Es handelt sich um schon etwas betagte Exemplare des Strohblassen Ritterlings (Tricholoma stiparophyllum). Ein ungenießbarer Ritterling mit aufdringlichem Geruch, der gerne unter Birken wächst, in diesem Falle aber unter Eichen gefunden wurde.

Zwei kleine Helmlinge (Mycena spec.) entspringen einem Lärchen – Zapfen.

Junge Fuchsige Rötel – Trichterlinge (Lepista flaccida) wuchsen aus der dick liegenden Laubstreu. Sie wirken hier sehr hell und könnten für den Fahlgelben Rötel – Trichterling gehalten werden. Da aber auch ältere, typisch fuchsrötliche Exemplare am Standort vorhanden waren, halte ich sie für Fuchsige R. – Trichterlinge. Es ist ohnehin nicht ganz unumstritten, in ihnen zwei verschiedene Arten zu sehen. Essbar.

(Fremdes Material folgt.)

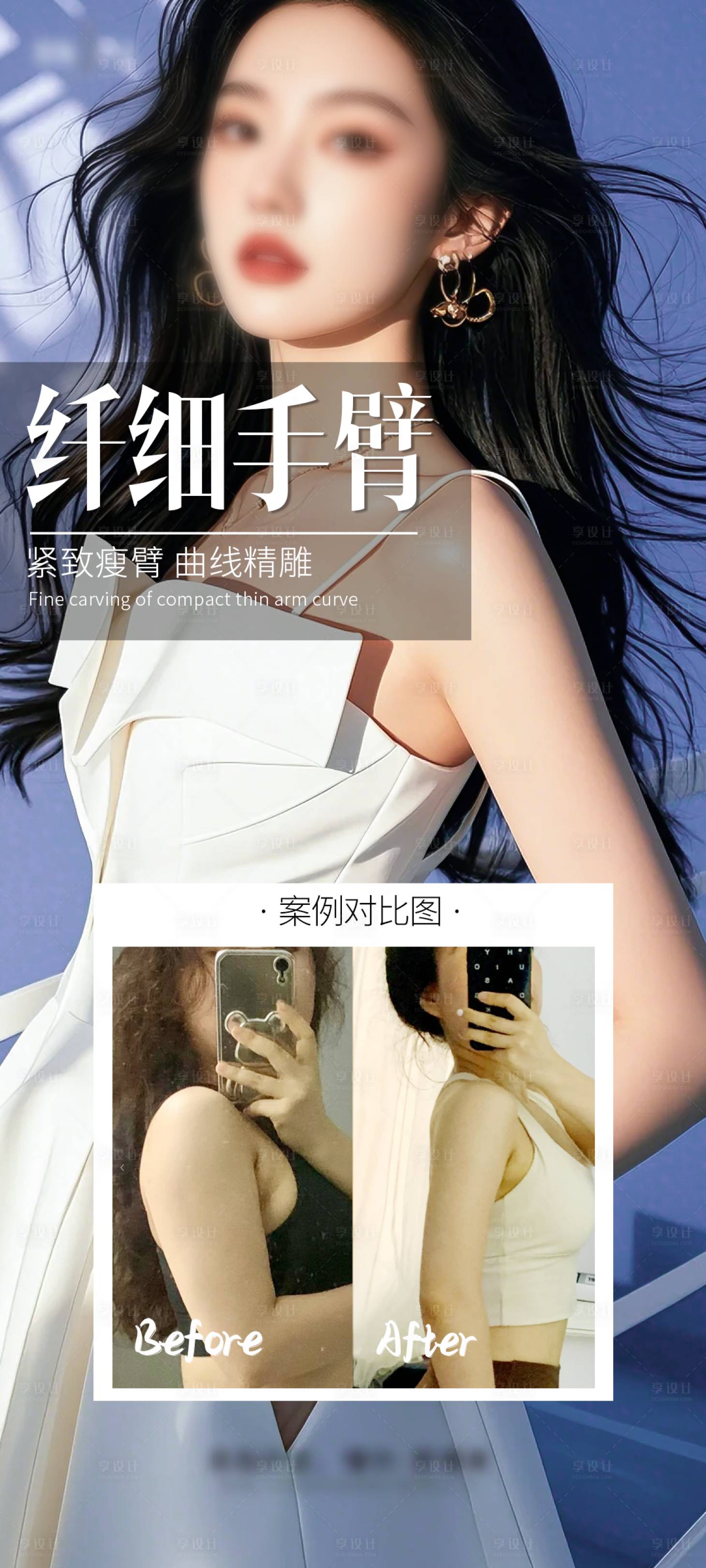 源文件下载【享设计】搜索编号：17710028144949229【医美手臂环吸案例海报】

Der Lederig – häutige Fältling (Byssomerulius corium) überzieht größtenteils resupinat die Unterseiten von liegenden Laubholzästen und nur die Hutkannten lösen sich charakteristisch ab. Die Oberfläcke b.z.w. Unterseite wirkt runzlig – faltig.

Der Widerliche Ritterling (Tricholoma lascivum) riecht ähnlich unangenehm wie der oben vorgestellte Strohblasse Ritterling und ist ebenfalls ungenießbar. Er ist meist etwas kleiner und wächst im Buchenwald. Hier sehen wir allerdings ein wenig aussagekräftiges, altes Exemplar, welches ich aber wegen seiner strukturellen „Schönheit“ trotzdem an dieser Stelle zeigen möchte.

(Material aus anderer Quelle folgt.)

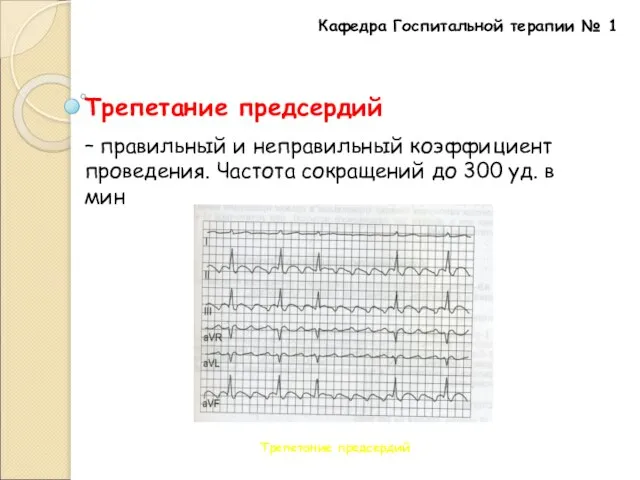 Кафедра Госпитальной терапии № 1 Трепетание предсердий – правильный и неправильный коэффициент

Der Süßliche Milchling (Lactarius subdulcis) ist als Mischpilz brauchbar und darf in keinem Buchenwald fehlen.

Immer wieder wird neues entdeckt.

Hier ist es zum Beispiel der Graue Korallenpilz (Clavulina cinerea). Kein Speisepilz.

Der essbare Winter – Trompetenschnitzling (Tubaria furfuracea) ist den gesamten Winter über an Laubholzresten zu finden. Gern auch in Mengen auf Schredderbeeten in städtischen Anlagen.

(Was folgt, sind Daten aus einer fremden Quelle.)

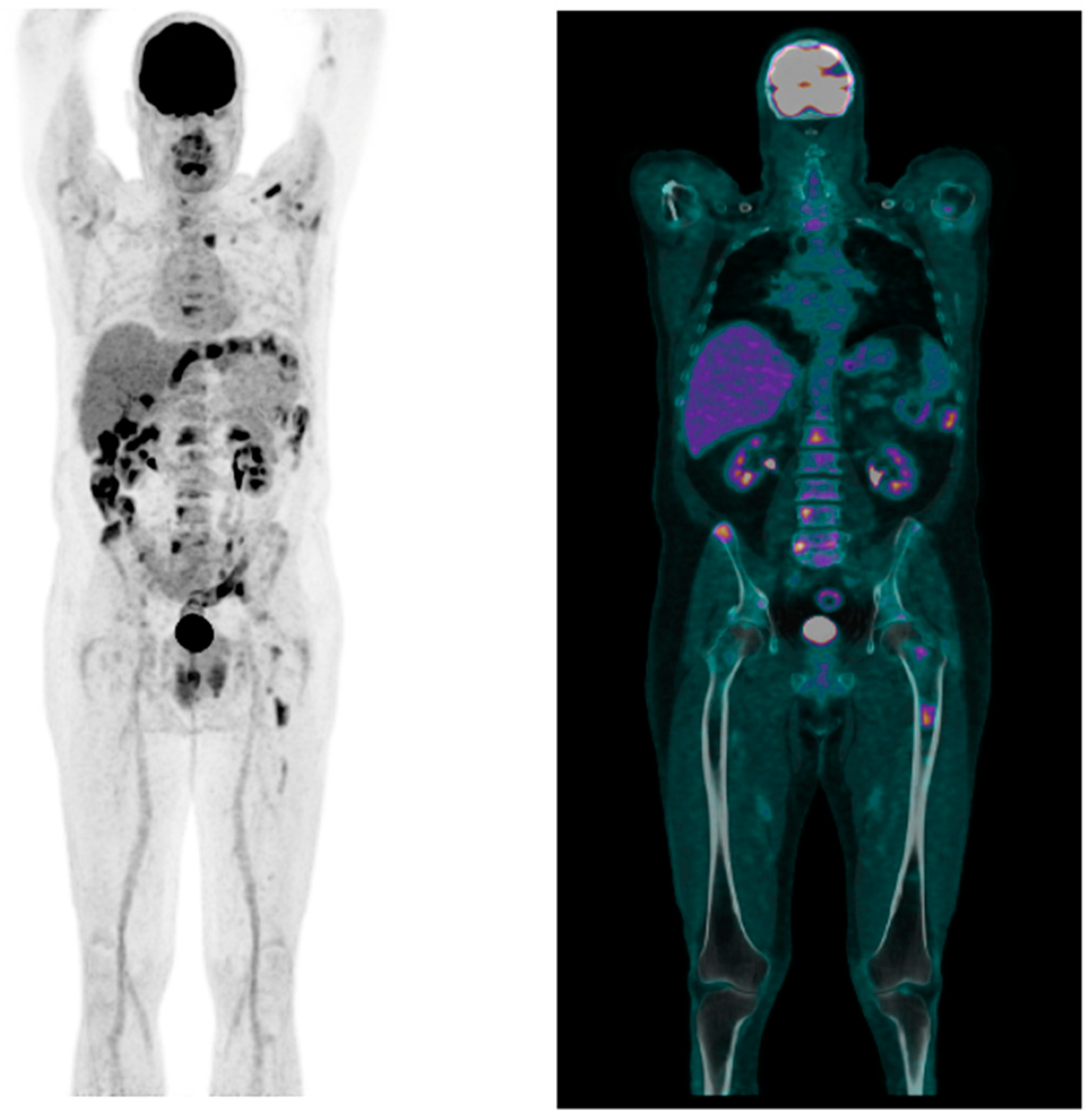 Hemato 05 00028 g002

Ähnlich dem Süßlichen Milchling ist auch der Graugrüne Milchling (Lactarius blennius) mit seiner weißen, brennend scharf schmeckenden Milch ist in fast jedem Buchenwald zu hause.

Der jung weiße und festfleige Flaschen – Stäubling (Lycoperdon perlatum) ist zunächst essbar, wird aber bald olivgrünlich, matschig und schließlich leicht, weich und graubräunlich. Noch sind einige seiner typischen Grieskörnchen zu sehen. Wo diese bereits abgefallen sind, entsteht ein typisch mosaikartiges oder netziges Muster auf der Oberfläche. Auf dem Scheitel bildet sich eine Öffnung, wo durch mechanische Reize die Sporen ausgestäubt werden (Stäubling!).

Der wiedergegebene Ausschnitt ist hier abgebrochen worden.